Education, Infrastructure and Affordable Housing Key to Maryland’s Economic Growth

COLLEGE PARK, Md.—A new report released this week by the University of Maryland’s National Center for Smart Growth states that while Maryland boasts a strong economic foundation, it must respond to 21st century challenges—like aging infrastructure, a diverse population and regional economic disparities—if it wants to ensure long-term economic success. The report, “Beyond Smart Growth: An Economic Development Strategy for 21st Century Maryland,” suggests a path for the State of Maryland’s role in continued economic growth, including what many economists claim is critical to long-term economic prosperity: addressing economic, social, and environmental challenges—the triple bottom line.

The report, which is the culmination of a three-year study funded in part by the Surdna and Abell Foundations, reviews economic trends and presents forecasts for the state’s population, employment, industrial structure and “factors of production” as the basis for its recommendations.  According to the report, Maryland leads the nation in many economic indicators, including a stable economic base, a resistance to economic downturns, and has consistently experienced lower unemployment and generally high incomes.  Although it is emerging from the great recession rather slowly, the state’s cumulative growth in the GDP exceeds the national average by 20%.

Yet, Maryland is not immune to the larger social and environmental trends affecting states across the nation. Social indicators have generally stayed flat. While wages of top earners (at the 90thpercentile) have grown to exceed their pre-recession levels, real wages for most households have continued to decline. Income inequality has increased markedly over the last decade, with high poverty rates seen in the state’s most vulnerable populations: the unemployed, disabled, Hispanic and female-headed households. Over the past decade, Maryland has also become one of the most racially diverse states in the nation; minorities comprise almost half the state’s population, making it sixth in the nation in minority population share. While the report does not offer a comprehensive environmental study, it points to declining environmental indicators, mostly due to climate change and increased population. Congestion is a looming issue; the amount of time commuters spend in traffic is expected to grow 80% over the next 15 years.

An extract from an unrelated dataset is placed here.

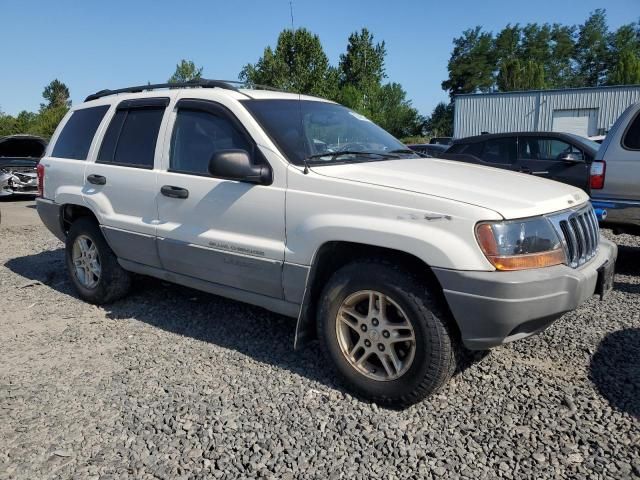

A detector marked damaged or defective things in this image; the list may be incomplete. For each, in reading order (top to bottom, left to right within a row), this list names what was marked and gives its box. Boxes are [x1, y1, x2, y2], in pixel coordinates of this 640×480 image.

wrecked vehicle [0, 135, 47, 197]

“The State of Maryland still has one of the strongest economies in the nation,” said Gerrit Knaap, Director of the National Center for Smart Growth and primary investigator of the report. “But unless the state prepares tomorrow’s workforce, provides them with affordable housing, and enables them to get to work in reasonable time, the state will lose it competitive advantage.”

Researchers suggest Maryland should capitalize on its strengths—such as its proximity to the federal government, an extensive transit system, fast-growing industries like heath care and professional services, and a resilient economy. In addition to improving it tax and regulatory climate, state officials should support diverse and emerging industries to keep Maryland competitive. The state should target spending and transportation investments to the 23 job centers located within the state to connect Maryland’s workers with employment and increase worker productivity.

Most importantly, the report stresses, unless low-income residents are provided access to opportunity, the state will help sustain a cycle of poverty and inequity. The report recommends developing strategies that embrace and meet the needs of the state’s diverse population, offering pathways to education and workforce training and that remove barriers to affordable housing in high opportunity areas.

“This report doesn’t challenge ongoing efforts at tax and regulatory reform, efforts that will surely give the state’s economy a boost,” says Knaap. “Our message is more that the state shouldn’t lose sight of the long run, and the long-run challenges are less a matter of business climate, and more a matter of workforce development, congestion mitigation and maintaining housing affordability.  It is important to not let short term economic growth come at the expense of rising inequity and diminished environmental quality.”

“Beyond Smart Growth” follows a series of studies done by the center on economic development in the state, including a 2012 report on economic and demographic trends, two 2014 reports that identify 23 “job centers” in the state and a report earlier this month examining the state’s poor. These studies are the result of a Sustainable and Equitable Economic Development (SEED) grant in 2011 from the SUNDRA and Abell Foundations.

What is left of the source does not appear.